BUNGO, delikjambi.com – Fakta mengejutkan terungkap dalam sidang gugatan bantahan sengketa Tanah Kas Daerah (TKD) Dusun Karya Harapan Mukti yang digelar di Pengadilan Negeri Bungo, Selasa (27/01/2026).
Saksi ahli pemetaan menyebutkan bahwa peta yang selama ini dijadikan alat bukti dan dasar putusan dalam perkara tersebut bukanlah peta yang sah, melainkan hanya berupa sketsa.
Hal itu diungkapkan oleh Denil Irwadi, S.S.T, Saksi Ahli Pemetaan yang dihadirkan oleh pihak pelawan gugatan. Dalam sidang lanjutan yang dipimpin Ketua Majelis Hakim Dimas Aria Putra, S.H, ahli memaparkan perbedaan mendasar antara Peta Ex Trans Unit 19 Tahun 1987 dengan dokumen yang disebut peta tahun 1984 dan diterbitkan oleh Dinas Tenaga Kerja dan Transmigrasi Kabupaten Bungo tertanggal 6 Desember 2021, yang sebelumnya telah dijadikan barang bukti dalam putusan perkara.
Denil Irwadi yang merupakan Ahli Pemetaan dari Dinas Kehutanan Provinsi Jambi menegaskan bahwa Peta Ex Trans Unit 19 Tahun 1987 yang diajukan oleh pelawan merupakan salinan resmi dari peta yang dikeluarkan Disnakertrans Provinsi Jambi dan telah memenuhi seluruh unsur keabsahan sebuah peta.
“Peta Ex Trans Unit 19 Tahun 1987 yang dihadirkan pelawan adalah salinan resmi dan sah. Unsur-unsur wajib sebuah peta semuanya terpenuhi,” tegas Denil di hadapan majelis hakim.
Sebaliknya, ahli menyatakan bahwa dokumen yang diterbitkan oleh Disnakertrans Kabupaten Bungo dan dijadikan bukti dalam putusan perkara sebelumnya tidak memenuhi unsur sebagai peta.
“Dokumen itu tidak bisa disebut peta. Saya tegaskan, itu hanyalah sketsa. Unsur-unsur wajib peta tidak terpenuhi,” ujar Denil dengan tegas.
Lebih lanjut, Denil Irwadi menjelaskan bahwa sebuah peta yang sah setidaknya harus memiliki sejumlah unsur utama, di antaranya judul peta, skala, legenda, orientasi arah mata angin, sistem koordinat, sumber data, tahun pembuatan, serta instansi penerbit yang berwenang.
“Seluruh unsur tersebut, kata dia, terdapat dalam Peta Ex Trans Unit 19 Tahun 1987, namun tidak ditemukan pada dokumen yang diterbitkan Disnakertrans Kabupaten Bungo,” ungkapnya.

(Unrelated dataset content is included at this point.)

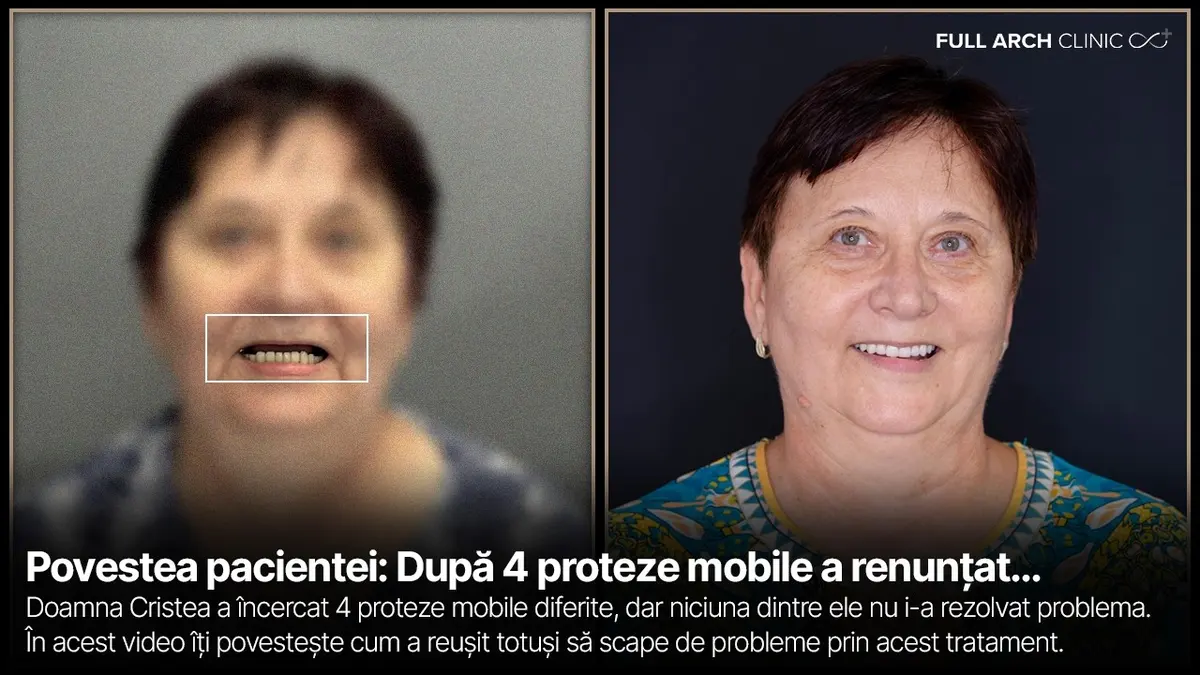De la proteză mobilă la lucrare fixă pe implanturi, ce s-a schimbat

Sementara itu, Abdul Khaidir, selaku tergugat yang juga merupakan ahli waris almarhum Kholik pemilik awal tanah dalam perkara ini, secara terbuka mempertanyakan kembali keabsahan bukti surat yang disebut sebagai peta dalam putusan sebelumnya. Ia meminta kejelasan dan penegasan dari ahli, mengingat apabila dokumen tersebut terbukti tidak sah, pihaknya merasa telah dirugikan selama ini.
“Kalau memang yang disebut peta itu ternyata hanya sketsa dan tidak sah, berarti selama ini kami merasa tertipu,” ujarnya di persidangan.
Terpisah, M. Ali S., selaku pelawan penggugat melalui kuasa hukumnya Mahmili, S.H.I., M.H., menyatakan pihaknya semakin optimis bahwa putusan dalam perkara sebelumnya sarat dengan kejanggalan.
Mahmili menegaskan, apabila nantinya terbukti bahwa dokumen dan peta yang dijadikan dasar putusan merupakan dokumen tidak sah atau palsu, maka hal tersebut telah mengarah pada dugaan tindak pidana pemalsuan pasal 263 dan 266 kesaksian palsu
“Jika terbukti palsu, jelas ada unsur pidana. Kami tidak akan tinggal diam dan akan menempuh langkah hukum lanjutan sesuai ketentuan yang berlaku,” tegas Mahmili.
Sidang lanjutan sengketa TKD Dusun Karya Harapan Mukti dijadwalkan kembali digelar pada 3 Februari 2026, dengan agenda Pemeriksaan saksi pihak terbantah.